粉雪のようにそっと
昨年末、私はひどく焦っていて憂鬱だった。
友人や、大事な人との会話が、少しずつズレていく。今思えば、そういうときもあると、無理に取り戻そうとしなければよかったのかもしれない。でも、私は怖くて藻掻いた。今ダメなら、きっと一週間後も、一か月後はもっとダメだと思って、じっと息を止めていることが出来なかった。焦って掴んだ地面は砂になって、ざらざらと指の間から抜け落ちていった。
創作についても大変に悩んでいて、悩む暇があるなら手を動かして没頭すればいいのに、目の前の息苦しさに耐えられなかった。どの景色を見てもメランコリックな色がついて、自分なりに頑張っているはずなのに、ずっと樹海の一点をぐるぐる歩いているように思える。自分のかけている眼鏡の色も、それが簡単に外せないのだということも知っているのに、無理やり引き剥がしたくて、でも出来なくて、だから一足飛びに成長も出来なくて、たまらなく辛かった。

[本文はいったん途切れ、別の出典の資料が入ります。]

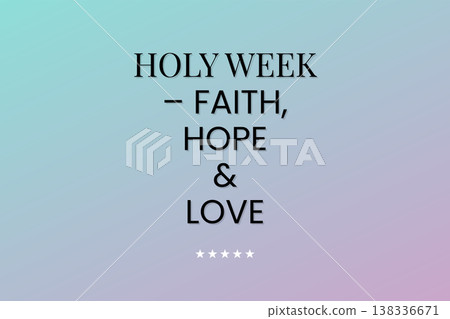 Holy Week Faith Hope And Love Holy Week Faith Hope And Love 138336671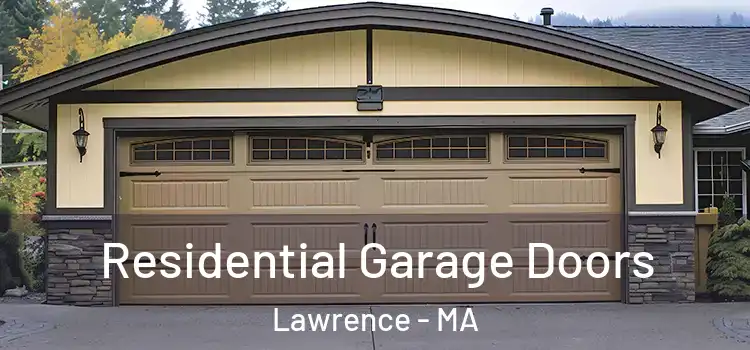  Residential Garage Doors Lawrence - MA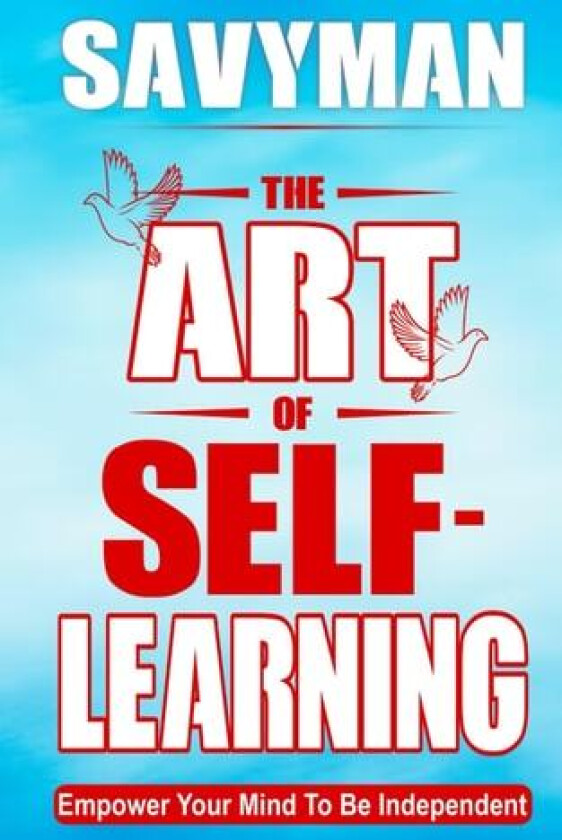 The Art of Self-Learning av Savy Man (Paperback)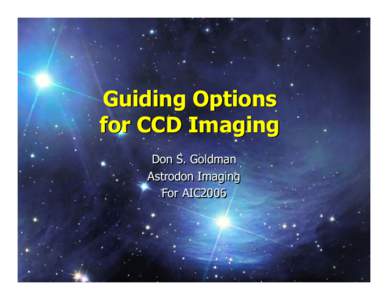 Guiding Options for CCD Imaging Don S. Goldman Astrodon Imaging For AIC2006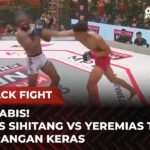 FIGHT BRUTAL! Albanus Sihitang VS Yeremias Tanoi Jual Beli Serangan Keras | Flashback Full Fight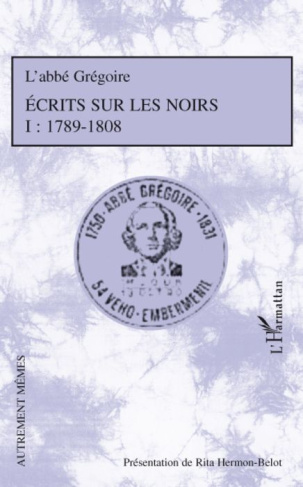 Ecrits sur les noirs 1789-1808. Tome 1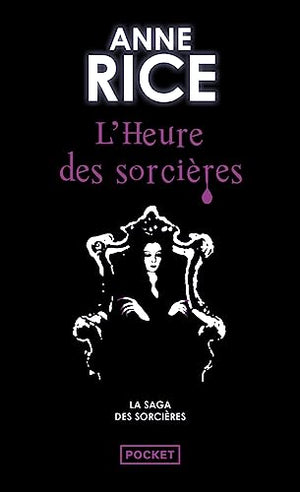 La saga des sorcières Tome 2 - L'heure des sorcières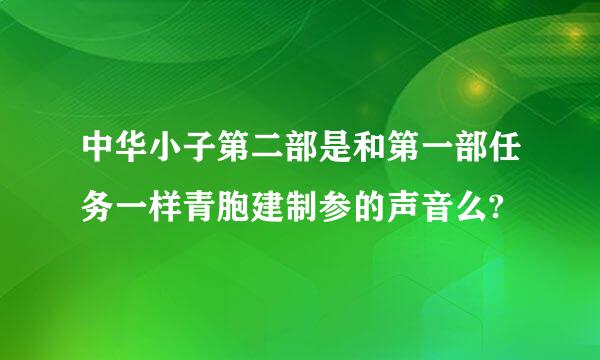 中华小子第二部是和第一部任务一样青胞建制参的声音么?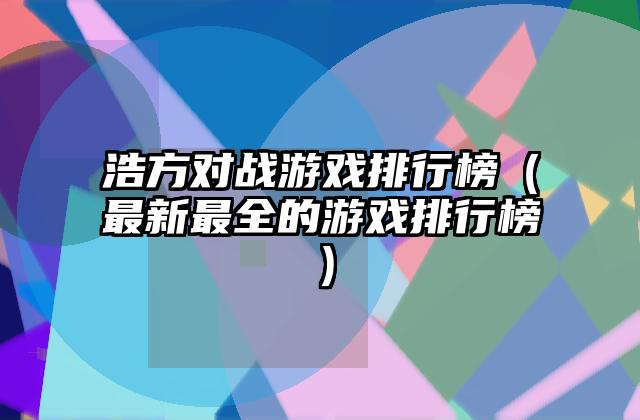 浩方对战游戏排行榜（最新最全的游戏排行榜）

ガリガリとささくれ立つ心を暴れないようにぎゅっと押さえ込んで、ネットの海を泳いだ。だしぬけに、深海から少し灯りが見えた。
嶋津さんとはほとんど初めましてだった。それなのに、このような企画に参加させてもらっていいものだろうかと一瞬迷った。
でも。
閉じて淀んでいた胸には、全く新しい風が必要なのかもしれない。たった一筋の風で構わないから。人に頼るのは他力本願になるだろうか? いや、すでに70冊も交換しているということだから、きっと大丈夫。 noteとTwitterをフォローし、祈るような気持ちでDMを送った。
先に彼に送ったのは、ポール・オースターの「最後の物たちの国で」と、澁澤龍彦の「高丘親王航海記」だ。
前者はディストピア文学に分類されるであろう作品なので、コロナ禍の今、人に贈るものとして適切なのかどうかは分からなかった。けれどこの本は少し前から私の元を飛び立ちたがっていると感じていて、嶋津さんに手紙で伝えたとある理由も手伝って、今彼に渡すべきと思った。後者は、先にあげた嶋津さんの記事で、この企画がコロナ禍でできない旅から発想を得たものだということから、これが良いだろうと思った。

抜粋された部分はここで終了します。